[Items listed in a dataset]

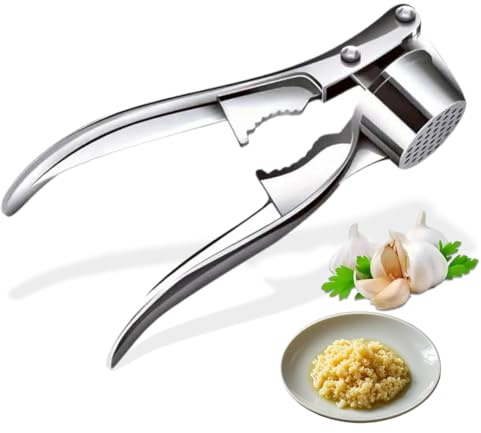 Presse-ail de cuisine professionnelle, hachoir à ail broyeur de gingembre, Facile à Nettoyer et Durable, hachoir à ail convivial, pour Ail, Gingembre, Piment, pour Presser Noix et Aliments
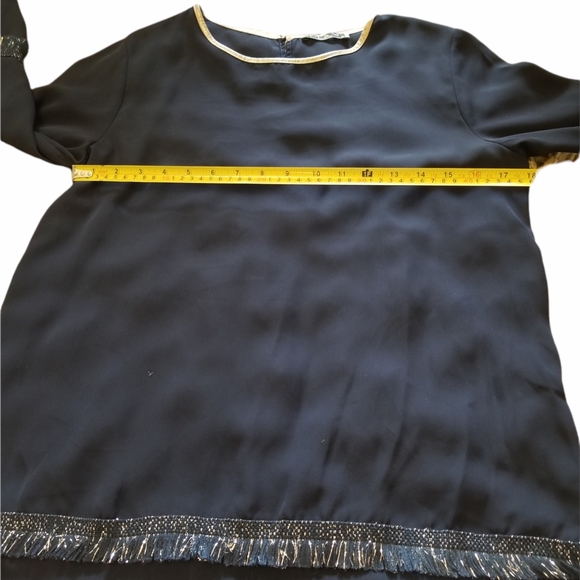 Tunic top blue 3/4 blue for woman. M. - Picture 7 of 7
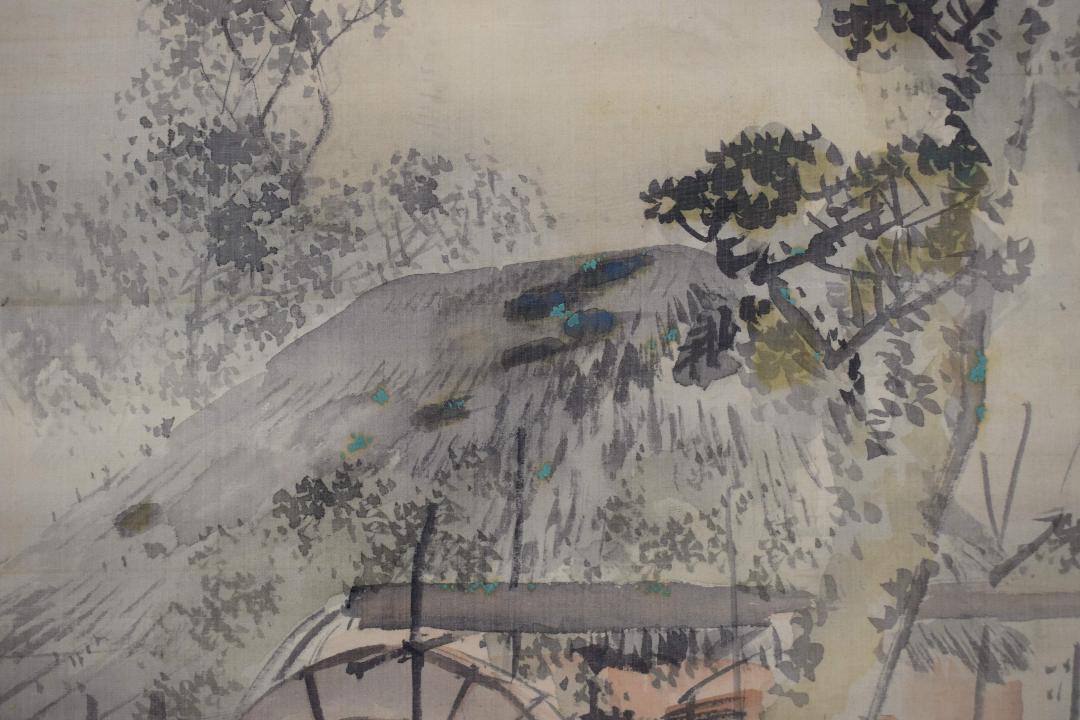 49%割引有名な高級ブランド 【真作】里見雲嶺/山水図/水車小屋図/掛軸 米ロ外相会談 【真作】大島祥丘/菖蒲図/掛軸☆宝船☆AA-154 アンティーク/コレクション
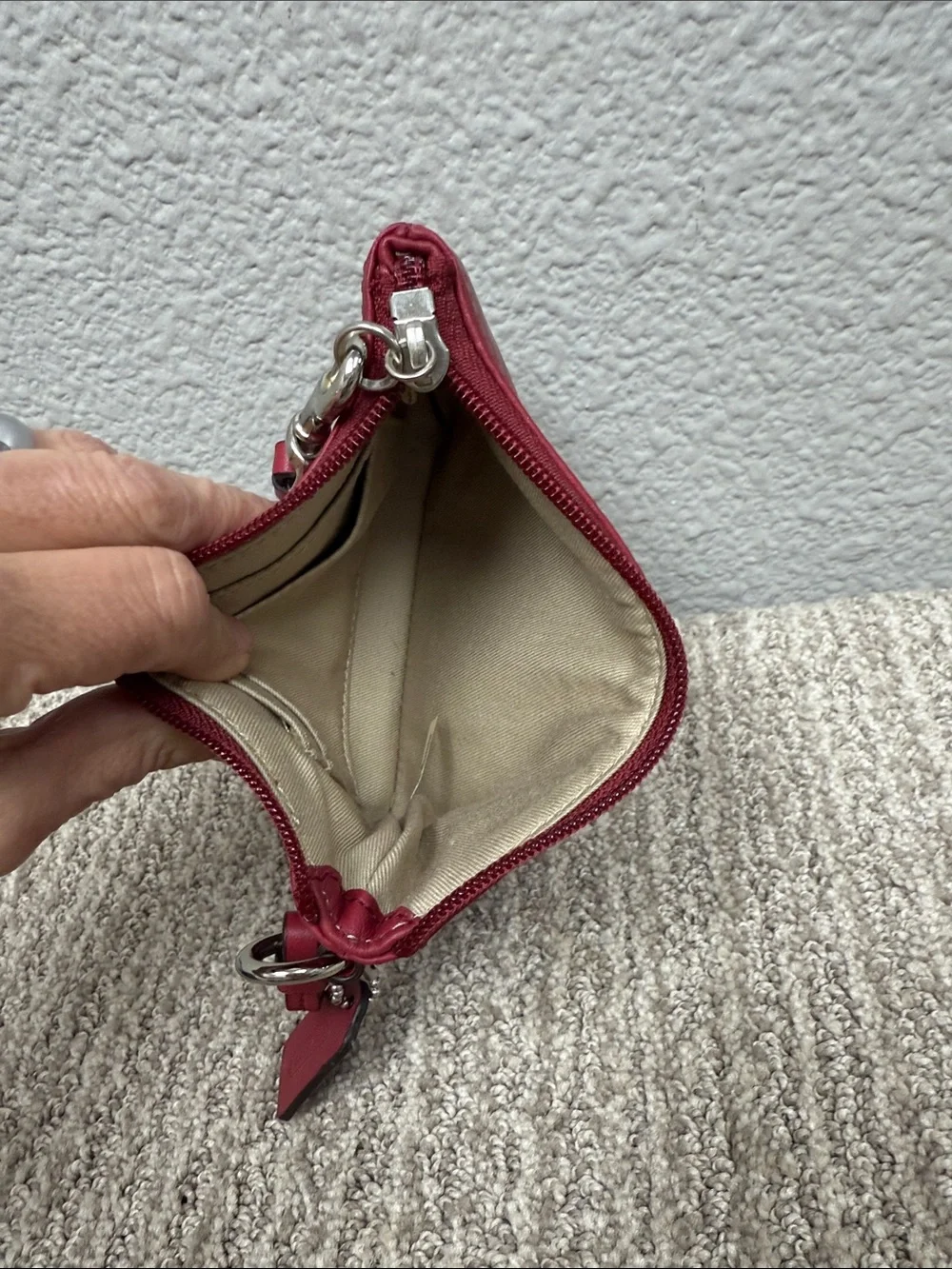 Coach sleek leather
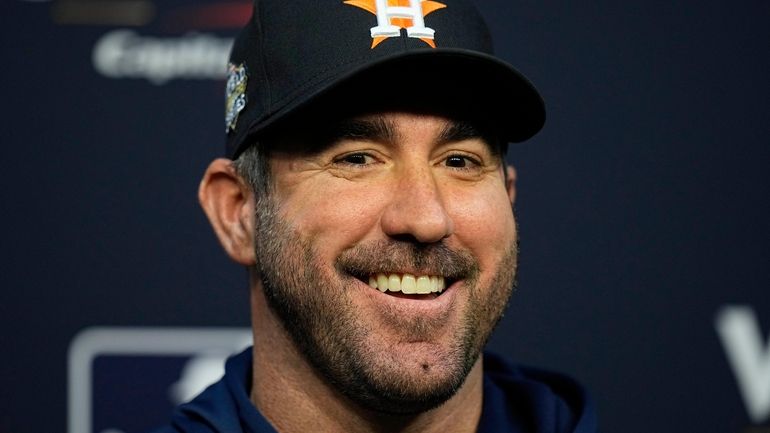 Houston Astros confirm Justin Verlander for Game 1 of World Series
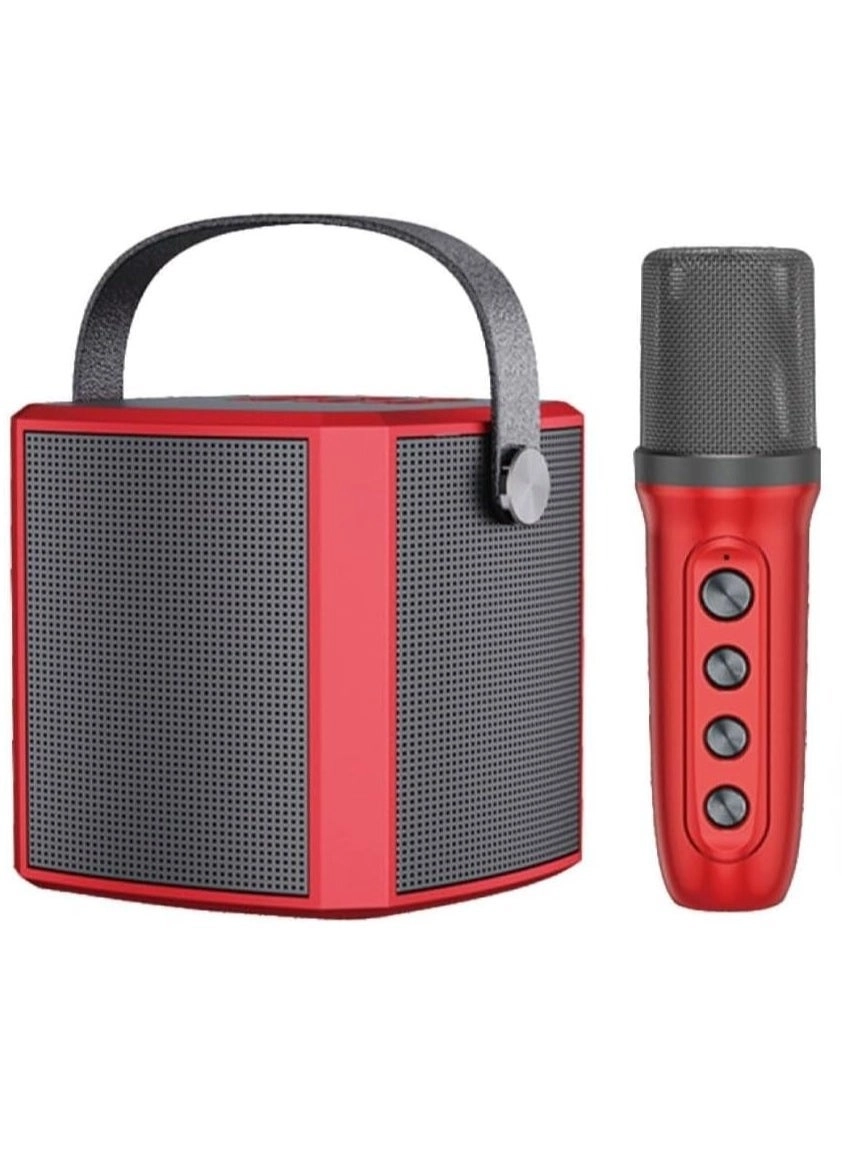 Portable Bluetooth Karaoke Speaker - Rechargeable wireless microphone Type-C charging TF Card support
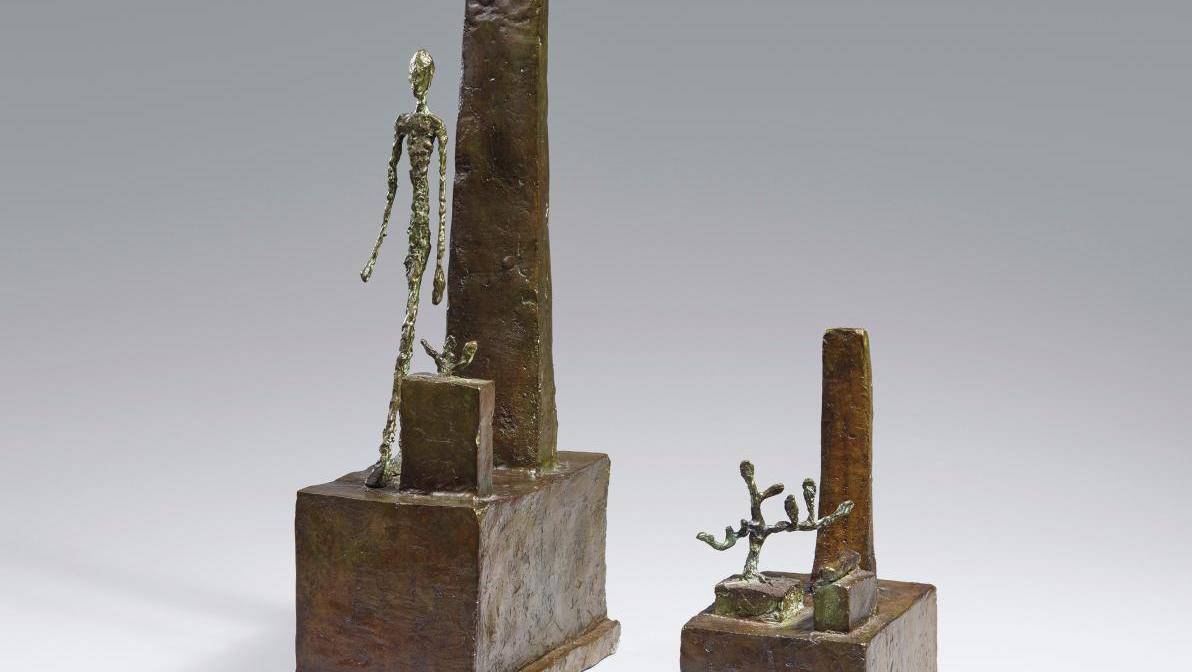 Alberto Giacometti (1901-1966), Projet pour un monument pour Gabriel Péri et Projet... Giacometti en marche pour Gabriel Péri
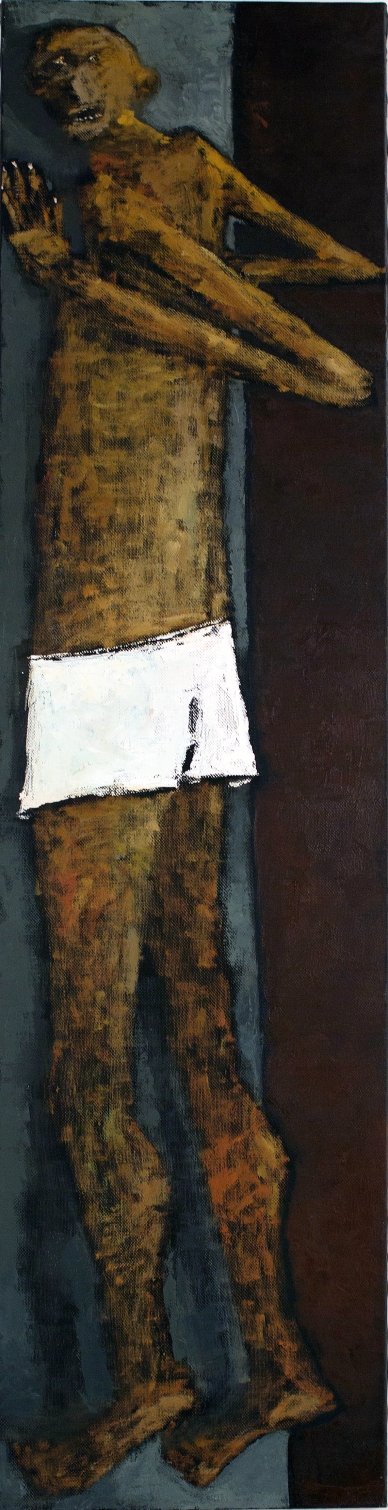 Niyaz Nadjafov. UNTITLED. 2009. Canvas, oil paint. 40 x 190 cm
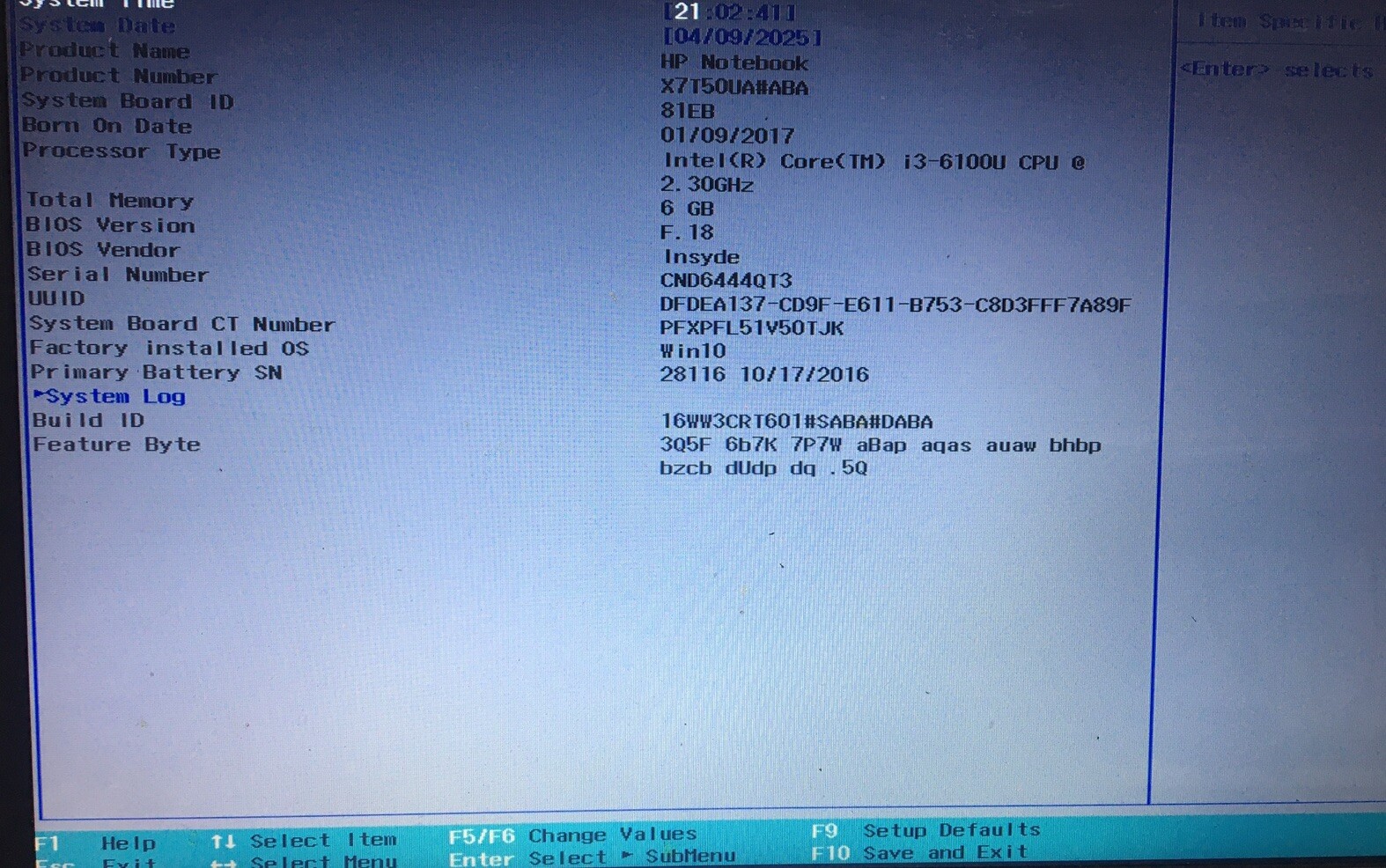 HP 15-AY009DX Intel Core i3-6100U 2.30GHz | 6GB RAM | NO HDD/OS – Boots to Bios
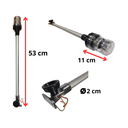 Luz de tope rebatible larga con base de Bronce Cromado con lampara de led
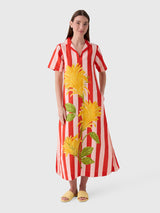 Verandah Women's Jacobina & Stripes Shirt Dress - Saint Bernard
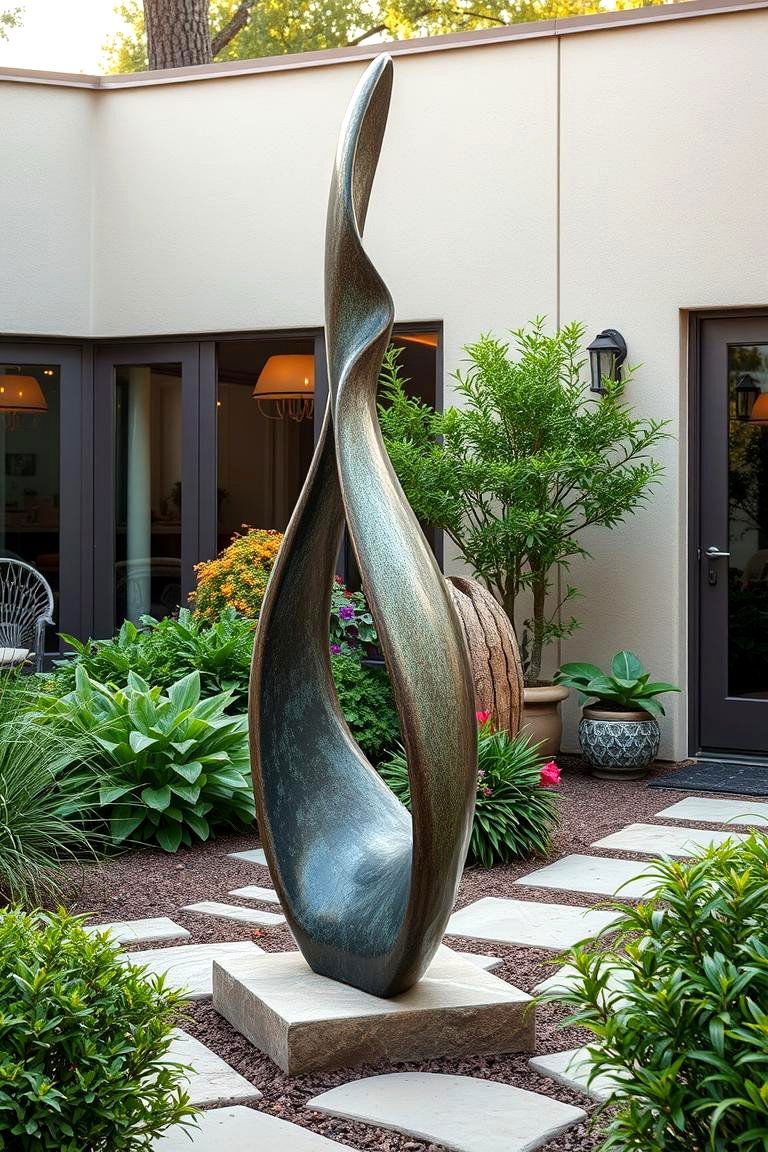 Artful Garden Sculptures - 24 Small Patio Ideas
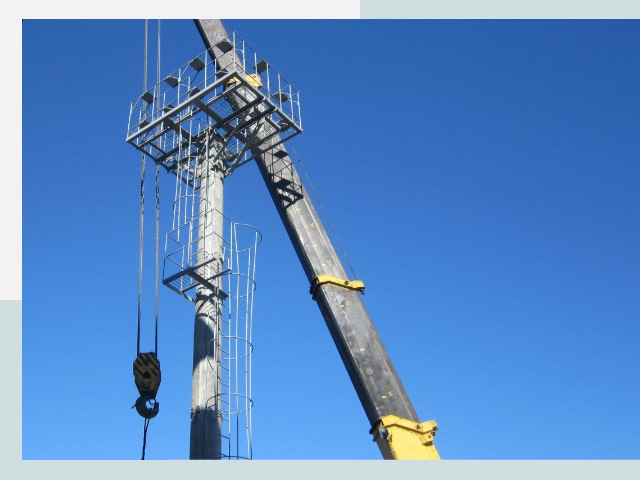 Монтаж осветительных мачт в Чита от 621 руб.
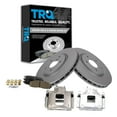 thumbnail image 1 of TRQ Front Brake Pad & Rotor Kit Brake Caliper Brake Pads Brake Rotor Ceramic Vented Premium G-Coated Fits Select 2012 Chrysler Town & Country Dodge Grand Caravan Ram C/V Volkswagen Routan, 1 of 6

**About this task**
The line containing "Tunic top blue" and every line after it, up to the last line of the data, should be returned exactly, without the pictures.

**Completed exercise**
 Tunic top blue 3/4 blue for woman. M. - Picture 7 of 7
 49%割引有名な高級ブランド 【真作】里見雲嶺/山水図/水車小屋図/掛軸 米ロ外相会談 【真作】大島祥丘/菖蒲図/掛軸☆宝船☆AA-154 アンティーク/コレクション
 Coach sleek leather
 Houston Astros confirm Justin Verlander for Game 1 of World Series
 Portable Bluetooth Karaoke Speaker - Rechargeable wireless microphone Type-C charging TF Card support
 Alberto Giacometti (1901-1966), Projet pour un monument pour Gabriel Péri et Projet... Giacometti en marche pour Gabriel Péri
 Niyaz Nadjafov. UNTITLED. 2009. Canvas, oil paint. 40 x 190 cm
 HP 15-AY009DX Intel Core i3-6100U 2.30GHz | 6GB RAM | NO HDD/OS – Boots to Bios
 Luz de tope rebatible larga con base de Bronce Cromado con lampara de led
 Verandah Women's Jacobina & Stripes Shirt Dress - Saint Bernard
 Artful Garden Sculptures - 24 Small Patio Ideas
 Монтаж осветительных мачт в Чита от 621 руб.
 thumbnail image 1 of TRQ Front Brake Pad & Rotor Kit Brake Caliper Brake Pads Brake Rotor Ceramic Vented Premium G-Coated Fits Select 2012 Chrysler Town & Country Dodge Grand Caravan Ram C/V Volkswagen Routan, 1 of 6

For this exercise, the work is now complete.